Patching may help, but Gazit is convinced that Heartbleed will live on well beyond the patch applications because the bug is so-far reaching into internal networks, server communications, and products that were already shipped out to end users. As he sees it, completely fixing the issue will take a very long time. Meanwhile, he said, malicious actors are actively looking for ways to exploit the flaw.

What About Two-Factor Authentication?

There’s been plenty of talk about changing passwords. The general consensus is passwords should not be changed until after the servers are patched or they could be compromised again.

“As for two-factor authentication, for those organizations that use it for VPN access and secure activities on their online accounts and infrastructure, it can help to an extent,” Gazit said. “The issue is that when Web servers themselves are very possibly compromised by unauthorized parties, the authentication using that second factor will also be eavesdropped on, and can be intercepted in a man-in-the-middle fashion. Two-factor authentication will offer more security only once the flaw is patched and the certainty that resources are secured is restored.”
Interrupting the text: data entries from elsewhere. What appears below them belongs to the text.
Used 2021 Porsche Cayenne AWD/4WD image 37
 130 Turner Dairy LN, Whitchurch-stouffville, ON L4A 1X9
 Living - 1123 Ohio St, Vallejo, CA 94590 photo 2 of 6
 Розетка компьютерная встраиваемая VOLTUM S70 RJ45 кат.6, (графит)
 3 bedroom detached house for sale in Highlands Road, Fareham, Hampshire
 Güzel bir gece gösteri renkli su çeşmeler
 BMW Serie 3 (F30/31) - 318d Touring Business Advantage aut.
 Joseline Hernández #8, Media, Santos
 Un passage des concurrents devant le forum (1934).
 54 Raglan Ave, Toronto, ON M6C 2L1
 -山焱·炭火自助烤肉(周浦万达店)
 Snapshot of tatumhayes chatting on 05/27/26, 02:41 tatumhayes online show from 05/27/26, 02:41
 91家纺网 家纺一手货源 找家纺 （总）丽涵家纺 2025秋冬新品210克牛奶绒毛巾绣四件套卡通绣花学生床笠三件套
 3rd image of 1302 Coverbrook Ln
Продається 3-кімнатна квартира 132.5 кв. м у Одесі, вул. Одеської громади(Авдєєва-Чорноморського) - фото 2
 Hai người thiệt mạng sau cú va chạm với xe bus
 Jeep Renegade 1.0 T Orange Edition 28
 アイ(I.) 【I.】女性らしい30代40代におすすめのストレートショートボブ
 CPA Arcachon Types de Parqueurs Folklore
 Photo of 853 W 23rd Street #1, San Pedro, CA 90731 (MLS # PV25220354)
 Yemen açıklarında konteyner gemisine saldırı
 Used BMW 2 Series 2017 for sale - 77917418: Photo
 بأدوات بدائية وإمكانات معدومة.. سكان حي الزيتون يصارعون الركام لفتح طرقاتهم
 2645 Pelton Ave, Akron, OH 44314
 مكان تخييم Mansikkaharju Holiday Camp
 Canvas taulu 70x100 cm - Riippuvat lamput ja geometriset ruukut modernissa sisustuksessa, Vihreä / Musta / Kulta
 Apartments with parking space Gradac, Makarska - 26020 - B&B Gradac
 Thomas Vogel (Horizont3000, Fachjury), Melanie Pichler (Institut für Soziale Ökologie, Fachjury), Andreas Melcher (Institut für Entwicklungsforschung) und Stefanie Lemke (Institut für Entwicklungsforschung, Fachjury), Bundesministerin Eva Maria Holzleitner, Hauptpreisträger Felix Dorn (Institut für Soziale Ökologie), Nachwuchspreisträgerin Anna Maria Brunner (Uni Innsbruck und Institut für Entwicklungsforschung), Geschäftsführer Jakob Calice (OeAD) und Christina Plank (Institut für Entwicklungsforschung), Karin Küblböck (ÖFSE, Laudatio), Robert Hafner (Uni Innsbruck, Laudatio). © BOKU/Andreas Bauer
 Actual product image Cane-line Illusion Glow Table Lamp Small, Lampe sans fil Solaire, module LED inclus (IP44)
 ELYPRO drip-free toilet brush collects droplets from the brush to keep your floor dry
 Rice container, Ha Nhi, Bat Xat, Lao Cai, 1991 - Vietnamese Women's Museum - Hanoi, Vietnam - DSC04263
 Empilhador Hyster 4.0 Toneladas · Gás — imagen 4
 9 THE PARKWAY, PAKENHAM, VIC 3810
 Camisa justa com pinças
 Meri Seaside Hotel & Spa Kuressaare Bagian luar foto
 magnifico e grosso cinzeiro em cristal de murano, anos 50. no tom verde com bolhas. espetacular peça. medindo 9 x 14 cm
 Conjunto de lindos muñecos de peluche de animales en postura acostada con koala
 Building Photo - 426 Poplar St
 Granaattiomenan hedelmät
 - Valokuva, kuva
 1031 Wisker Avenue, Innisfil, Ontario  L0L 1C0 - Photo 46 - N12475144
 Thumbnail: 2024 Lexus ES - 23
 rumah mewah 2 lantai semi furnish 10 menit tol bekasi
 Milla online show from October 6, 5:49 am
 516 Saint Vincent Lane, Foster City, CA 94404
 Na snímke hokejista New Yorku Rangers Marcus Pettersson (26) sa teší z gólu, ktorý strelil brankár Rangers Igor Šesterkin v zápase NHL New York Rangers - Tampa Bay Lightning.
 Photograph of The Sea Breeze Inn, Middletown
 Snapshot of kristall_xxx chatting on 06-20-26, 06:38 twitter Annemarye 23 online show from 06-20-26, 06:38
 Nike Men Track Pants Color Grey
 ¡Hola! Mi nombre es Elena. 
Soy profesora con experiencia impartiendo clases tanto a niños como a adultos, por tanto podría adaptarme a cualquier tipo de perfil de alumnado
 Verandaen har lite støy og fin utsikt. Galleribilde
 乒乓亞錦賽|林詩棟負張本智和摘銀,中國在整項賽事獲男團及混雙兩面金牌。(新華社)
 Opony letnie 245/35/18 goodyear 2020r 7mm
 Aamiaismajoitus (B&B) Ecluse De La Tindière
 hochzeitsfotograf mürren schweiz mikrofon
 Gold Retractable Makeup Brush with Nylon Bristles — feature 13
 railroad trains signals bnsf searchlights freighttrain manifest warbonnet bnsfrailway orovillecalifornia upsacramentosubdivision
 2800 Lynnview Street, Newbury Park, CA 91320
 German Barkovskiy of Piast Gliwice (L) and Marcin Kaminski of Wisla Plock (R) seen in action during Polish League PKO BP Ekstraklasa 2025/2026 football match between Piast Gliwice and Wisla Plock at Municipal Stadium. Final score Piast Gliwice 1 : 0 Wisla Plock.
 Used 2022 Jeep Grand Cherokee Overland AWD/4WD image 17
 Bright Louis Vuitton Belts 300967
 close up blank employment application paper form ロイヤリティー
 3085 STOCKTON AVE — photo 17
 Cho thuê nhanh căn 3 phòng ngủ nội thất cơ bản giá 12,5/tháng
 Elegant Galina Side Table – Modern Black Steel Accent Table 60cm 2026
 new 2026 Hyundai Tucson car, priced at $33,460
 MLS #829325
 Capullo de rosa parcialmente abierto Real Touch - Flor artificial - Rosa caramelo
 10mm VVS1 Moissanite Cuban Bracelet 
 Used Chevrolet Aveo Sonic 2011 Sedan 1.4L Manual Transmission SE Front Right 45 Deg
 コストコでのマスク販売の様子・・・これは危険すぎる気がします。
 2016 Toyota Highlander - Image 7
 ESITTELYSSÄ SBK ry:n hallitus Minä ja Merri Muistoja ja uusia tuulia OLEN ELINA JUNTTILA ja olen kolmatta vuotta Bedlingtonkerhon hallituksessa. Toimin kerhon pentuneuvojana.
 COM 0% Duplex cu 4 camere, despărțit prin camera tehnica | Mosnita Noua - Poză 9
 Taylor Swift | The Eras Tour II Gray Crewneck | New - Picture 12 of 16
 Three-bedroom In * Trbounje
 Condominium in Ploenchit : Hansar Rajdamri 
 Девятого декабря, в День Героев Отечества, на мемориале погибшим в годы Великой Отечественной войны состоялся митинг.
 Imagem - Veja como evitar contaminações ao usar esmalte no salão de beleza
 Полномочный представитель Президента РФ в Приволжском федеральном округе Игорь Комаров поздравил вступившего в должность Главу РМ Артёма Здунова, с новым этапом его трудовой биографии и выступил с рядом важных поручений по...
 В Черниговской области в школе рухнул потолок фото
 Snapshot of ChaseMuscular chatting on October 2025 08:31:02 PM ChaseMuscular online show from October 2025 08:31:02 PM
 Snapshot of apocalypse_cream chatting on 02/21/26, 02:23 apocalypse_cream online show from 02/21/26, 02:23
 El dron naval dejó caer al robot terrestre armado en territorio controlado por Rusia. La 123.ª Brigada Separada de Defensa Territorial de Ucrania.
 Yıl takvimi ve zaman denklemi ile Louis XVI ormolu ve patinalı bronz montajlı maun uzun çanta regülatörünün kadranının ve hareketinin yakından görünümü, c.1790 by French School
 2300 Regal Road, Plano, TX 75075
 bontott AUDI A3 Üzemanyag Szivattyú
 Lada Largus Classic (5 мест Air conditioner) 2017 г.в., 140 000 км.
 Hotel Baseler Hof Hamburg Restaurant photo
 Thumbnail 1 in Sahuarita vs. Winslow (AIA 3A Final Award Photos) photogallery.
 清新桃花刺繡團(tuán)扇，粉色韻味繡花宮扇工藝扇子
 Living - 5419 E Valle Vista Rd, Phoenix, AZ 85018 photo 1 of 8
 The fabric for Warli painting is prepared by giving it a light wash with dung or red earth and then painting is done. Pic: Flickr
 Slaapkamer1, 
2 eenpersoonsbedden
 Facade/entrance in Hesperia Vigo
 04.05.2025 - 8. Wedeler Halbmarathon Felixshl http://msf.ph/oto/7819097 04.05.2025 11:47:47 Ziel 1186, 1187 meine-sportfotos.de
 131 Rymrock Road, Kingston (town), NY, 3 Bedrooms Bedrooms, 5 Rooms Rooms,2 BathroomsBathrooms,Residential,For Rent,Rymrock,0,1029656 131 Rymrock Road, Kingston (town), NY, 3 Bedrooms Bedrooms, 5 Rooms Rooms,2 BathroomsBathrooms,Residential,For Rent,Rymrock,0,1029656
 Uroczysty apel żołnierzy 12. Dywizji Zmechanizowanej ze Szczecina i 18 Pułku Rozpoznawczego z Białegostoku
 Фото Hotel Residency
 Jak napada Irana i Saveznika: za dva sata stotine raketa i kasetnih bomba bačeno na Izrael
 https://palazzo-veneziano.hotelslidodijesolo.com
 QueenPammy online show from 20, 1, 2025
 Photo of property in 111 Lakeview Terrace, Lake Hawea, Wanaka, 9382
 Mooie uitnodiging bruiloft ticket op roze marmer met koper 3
The bottom line: Organizations that know they have been affected must thoroughly examine their internal infrastructure and initiate incident response to ensure that security is fully restored, Gazit said. He called it a classic case where perimeter defenses, firewalls and others defenses are all layers that offer some security, but are unable to detect the unknown and unexpected.

“Organizations need to be able to detect attackers and issues well after they have made it through their gates, find them, and stop them before damage can occur,” Gazit said. “The only way to achieve such a laser-precision level of detection is through the use of hyper-dimensional big data analytics, deploying it as part of the very core of the defense mechanisms.”